Archbishop Carlo Maria Vigano CNA

South Bend, Ind., Nov 12, 2012 / 07:08 pm (CNA/EWTN News).- Archbishop Carlo Maria Vigano has told the University of Notre Dame that there is a concrete “menace” to religious liberty in the U.S. that is advancing in part because some influential Catholic public figures and university professors are allied with those opposed to Church teaching.

“Evidence is emerging which demonstrates that the threat to religious freedom is not solely a concern for non-democratic and totalitarian regimes,” he said. “Unfortunately it is surfacing with greater regularity in what many consider the great democracies of the world.”

The apostolic nuncio, who serves as the Pope’s diplomatic representative to the U.S., said this is a “tragedy” for both the believer and for democratic society.

Archbishop Vigano’s Nov. 4 speech keynoted the University of Notre Dame’s Institute for Church Life conference. He discussed martyrdom, persecution, and religious freedom, with a particular focus on the United States.

He cited Catholics’ duties to be disciples of Christ, not elements of a political or secular ideology.
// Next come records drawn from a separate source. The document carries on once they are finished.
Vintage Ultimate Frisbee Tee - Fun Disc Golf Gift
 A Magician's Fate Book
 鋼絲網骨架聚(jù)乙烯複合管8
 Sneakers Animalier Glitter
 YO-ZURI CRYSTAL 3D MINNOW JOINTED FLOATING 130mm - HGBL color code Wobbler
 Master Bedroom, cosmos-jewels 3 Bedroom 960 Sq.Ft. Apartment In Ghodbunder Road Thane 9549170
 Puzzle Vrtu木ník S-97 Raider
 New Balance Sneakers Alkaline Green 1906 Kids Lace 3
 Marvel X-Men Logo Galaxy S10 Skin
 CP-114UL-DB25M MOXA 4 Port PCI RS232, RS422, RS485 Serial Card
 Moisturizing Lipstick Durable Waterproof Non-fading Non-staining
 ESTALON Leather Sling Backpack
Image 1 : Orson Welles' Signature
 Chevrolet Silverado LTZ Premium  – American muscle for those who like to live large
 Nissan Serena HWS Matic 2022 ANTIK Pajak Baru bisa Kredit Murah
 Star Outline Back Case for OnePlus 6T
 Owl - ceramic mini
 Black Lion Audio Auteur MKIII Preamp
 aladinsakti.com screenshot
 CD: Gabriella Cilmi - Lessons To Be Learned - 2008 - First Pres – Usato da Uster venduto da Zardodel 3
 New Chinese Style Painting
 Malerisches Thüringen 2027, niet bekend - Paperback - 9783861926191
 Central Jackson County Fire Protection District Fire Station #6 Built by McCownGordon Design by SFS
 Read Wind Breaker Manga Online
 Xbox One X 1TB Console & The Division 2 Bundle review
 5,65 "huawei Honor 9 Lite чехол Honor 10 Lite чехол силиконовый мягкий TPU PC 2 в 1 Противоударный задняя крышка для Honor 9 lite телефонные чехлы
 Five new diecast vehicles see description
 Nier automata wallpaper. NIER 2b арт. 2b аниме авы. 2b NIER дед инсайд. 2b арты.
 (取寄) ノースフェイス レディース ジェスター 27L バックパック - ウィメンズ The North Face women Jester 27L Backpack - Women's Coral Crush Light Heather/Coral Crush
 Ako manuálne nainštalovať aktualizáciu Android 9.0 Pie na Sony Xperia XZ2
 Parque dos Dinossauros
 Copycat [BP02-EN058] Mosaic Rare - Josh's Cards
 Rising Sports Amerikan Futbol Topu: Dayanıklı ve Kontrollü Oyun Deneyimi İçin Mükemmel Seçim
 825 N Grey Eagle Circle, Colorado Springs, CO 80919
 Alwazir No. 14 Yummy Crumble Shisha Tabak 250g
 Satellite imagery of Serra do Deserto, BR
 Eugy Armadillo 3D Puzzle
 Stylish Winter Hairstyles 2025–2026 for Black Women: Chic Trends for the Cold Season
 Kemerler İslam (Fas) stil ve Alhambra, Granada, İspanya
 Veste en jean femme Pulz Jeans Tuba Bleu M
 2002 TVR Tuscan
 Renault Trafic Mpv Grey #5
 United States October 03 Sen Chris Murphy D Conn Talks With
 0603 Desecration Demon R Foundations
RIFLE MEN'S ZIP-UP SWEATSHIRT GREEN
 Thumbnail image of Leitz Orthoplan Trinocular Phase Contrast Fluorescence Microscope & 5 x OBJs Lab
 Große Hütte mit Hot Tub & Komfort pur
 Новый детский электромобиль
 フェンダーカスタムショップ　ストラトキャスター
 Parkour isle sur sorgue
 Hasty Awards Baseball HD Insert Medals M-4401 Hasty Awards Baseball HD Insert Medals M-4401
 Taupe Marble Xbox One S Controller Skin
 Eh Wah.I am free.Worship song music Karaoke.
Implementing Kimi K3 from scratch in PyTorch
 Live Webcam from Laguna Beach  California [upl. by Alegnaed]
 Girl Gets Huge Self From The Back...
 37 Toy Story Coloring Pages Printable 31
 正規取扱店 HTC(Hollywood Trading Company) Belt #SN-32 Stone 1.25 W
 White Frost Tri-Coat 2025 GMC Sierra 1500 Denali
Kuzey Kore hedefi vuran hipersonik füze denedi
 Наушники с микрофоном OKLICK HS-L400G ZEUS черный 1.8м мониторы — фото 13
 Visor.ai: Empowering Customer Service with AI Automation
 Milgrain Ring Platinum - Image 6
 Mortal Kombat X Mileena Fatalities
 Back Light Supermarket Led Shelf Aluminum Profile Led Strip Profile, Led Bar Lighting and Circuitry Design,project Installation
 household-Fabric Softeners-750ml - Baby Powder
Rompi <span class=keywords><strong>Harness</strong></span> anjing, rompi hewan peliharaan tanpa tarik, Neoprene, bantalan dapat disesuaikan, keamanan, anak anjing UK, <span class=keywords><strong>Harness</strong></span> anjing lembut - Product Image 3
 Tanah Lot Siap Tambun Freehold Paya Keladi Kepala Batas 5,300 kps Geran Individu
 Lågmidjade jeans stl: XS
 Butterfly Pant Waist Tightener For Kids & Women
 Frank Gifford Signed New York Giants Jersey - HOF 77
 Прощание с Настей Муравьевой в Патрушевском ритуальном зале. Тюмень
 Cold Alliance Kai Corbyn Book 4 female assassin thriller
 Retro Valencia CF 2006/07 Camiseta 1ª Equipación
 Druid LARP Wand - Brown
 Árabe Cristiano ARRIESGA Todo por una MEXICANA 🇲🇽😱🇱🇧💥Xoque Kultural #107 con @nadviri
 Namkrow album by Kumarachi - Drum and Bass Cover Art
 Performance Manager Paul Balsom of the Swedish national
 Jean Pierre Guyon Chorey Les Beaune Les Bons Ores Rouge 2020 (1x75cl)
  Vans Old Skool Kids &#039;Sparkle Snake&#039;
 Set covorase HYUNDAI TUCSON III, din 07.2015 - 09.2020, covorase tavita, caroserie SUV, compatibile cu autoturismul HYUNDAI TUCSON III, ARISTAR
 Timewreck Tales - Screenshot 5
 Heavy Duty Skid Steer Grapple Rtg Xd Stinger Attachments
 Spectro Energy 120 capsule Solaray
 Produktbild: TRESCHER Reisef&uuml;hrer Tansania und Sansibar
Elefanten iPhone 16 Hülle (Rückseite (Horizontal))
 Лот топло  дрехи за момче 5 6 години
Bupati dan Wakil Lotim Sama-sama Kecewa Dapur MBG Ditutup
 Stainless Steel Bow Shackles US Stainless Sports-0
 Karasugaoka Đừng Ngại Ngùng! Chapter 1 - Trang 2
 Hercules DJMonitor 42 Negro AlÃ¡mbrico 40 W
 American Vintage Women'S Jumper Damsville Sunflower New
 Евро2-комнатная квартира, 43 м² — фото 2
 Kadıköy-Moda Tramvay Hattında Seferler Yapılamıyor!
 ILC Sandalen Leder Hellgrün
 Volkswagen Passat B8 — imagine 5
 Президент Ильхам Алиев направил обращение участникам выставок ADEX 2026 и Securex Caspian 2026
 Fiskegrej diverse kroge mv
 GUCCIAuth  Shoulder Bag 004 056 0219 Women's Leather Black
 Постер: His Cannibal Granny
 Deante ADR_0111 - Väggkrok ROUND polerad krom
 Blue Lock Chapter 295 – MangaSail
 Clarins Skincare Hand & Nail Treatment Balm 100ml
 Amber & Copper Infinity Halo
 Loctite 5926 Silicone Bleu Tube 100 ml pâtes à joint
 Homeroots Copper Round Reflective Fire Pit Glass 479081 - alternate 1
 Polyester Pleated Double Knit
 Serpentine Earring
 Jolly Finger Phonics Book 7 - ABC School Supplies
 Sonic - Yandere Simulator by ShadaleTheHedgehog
He lamented the fact that many Catholics are publicly supporting “a major political party” that has “intrinsic evils among its basic principles.”

“There is a divisive strategy at work here, an intentional dividing of the Church; through this strategy, the body of the Church is weakened, and thus the Church can be more easily persecuted,” the nuncio said.

Archbishop Vigano observed that some influential Catholic public officials and university professors are allied with forces opposed to the Church’s fundamental moral teachings on “critical issues” like abortion, population control, the redefinition of marriage, embryonic stem cell research and “problematic adoptions.”

He said it is a “grave and major problem” when self-professed Catholic faculty at Catholic institutions are the sources of teachings that conflict with Church teaching on important policy issues rather than defend it.

While Archbishop Vigano noted that most Americans believe they are “essentially a religious people” and still give some importance to religion, he also saw reasons this could change.

He said that the problem of persecution begins with “reluctance to accept the public role of religion,” especially where protecting religious freedom “involves beliefs that the powerful of the political society do not share.”

The nuncio said it is “essential” to pray for a just resolution to religious freedom controversies, including the controversy over the new federal mandate requiring many Catholic employers to provide morally objectionable insurance coverage for sterilization and contraception, including some abortion-causing drugs.

The issues that the Catholic bishops have identified in this mandate are “very real” and “pose grave threats to the vitality of Catholicism in the United States,” Archbishop Vigano said.

The nuncio also discussed other religious liberty threats.

He cited a Massachusetts public school curriculum that required young students to take courses that presented same-sex relations as “natural and wholesome.” Civil authorities rejected parents’ requests for a procedure to exempt their children from the “morally unacceptable” classes.

“If these children were to remain in public schools, they had to participate in the indoctrination of what the public schools thought was proper for young children,” the archbishop said. “Put simply, religious freedom was forcefully pushed aside once again.”

Catholic Charities agencies have also been kicked out of social service programs because they would not institute policies or practices that violate “fundamental moral principles of the Catholic faith.” (Read more here.)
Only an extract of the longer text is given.